FedDAG: Clustered Federated Learning via Global Data and Gradient Integration for Heterogeneous Environments
This paper offers an incremental improvement for researchers and practitioners working with federated learning in heterogeneous data environments.
This paper addresses performance degradation in Federated Learning (FL) due to heterogeneous client data by introducing FedDAG, a clustered FL framework. FedDAG integrates both data and gradient information for a more holistic client similarity assessment and uses a dual-encoder architecture to enable cross-cluster feature transfer, consistently outperforming state-of-the-art clustered FL baselines in accuracy.

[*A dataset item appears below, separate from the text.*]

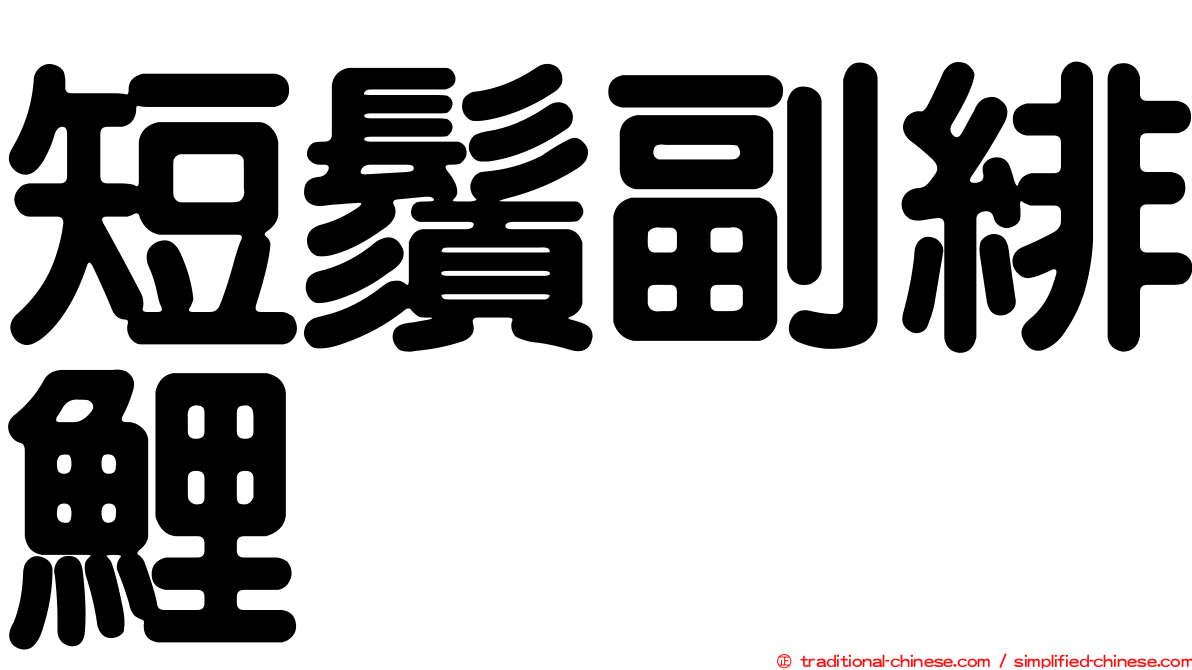 短鬚副緋鯉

Federated Learning (FL) enables a group of clients to collaboratively train a model without sharing individual data, but its performance drops when client data are heterogeneous. Clustered FL tackles this by grouping similar clients. However, existing clustered FL approaches rely solely on either data similarity or gradient similarity; however, this results in an incomplete assessment of client similarities. Prior clustered FL approaches also restrict knowledge and representation sharing to clients within the same cluster. This prevents cluster models from benefiting from the diverse client population across clusters. To address these limitations, FedDAG introduces a clustered FL framework, FedDAG, that employs a weighted, class-wise similarity metric that integrates both data and gradient information, providing a more holistic measure of similarity during clustering. In addition, FedDAG adopts a dual-encoder architecture for cluster models, comprising a primary encoder trained on its own clients' data and a secondary encoder refined using gradients from complementary clusters. This enables cross-cluster feature transfer while preserving cluster-specific specialization. Experiments on diverse benchmarks and data heterogeneity settings show that FedDAG consistently outperforms state-of-the-art clustered FL baselines in accuracy.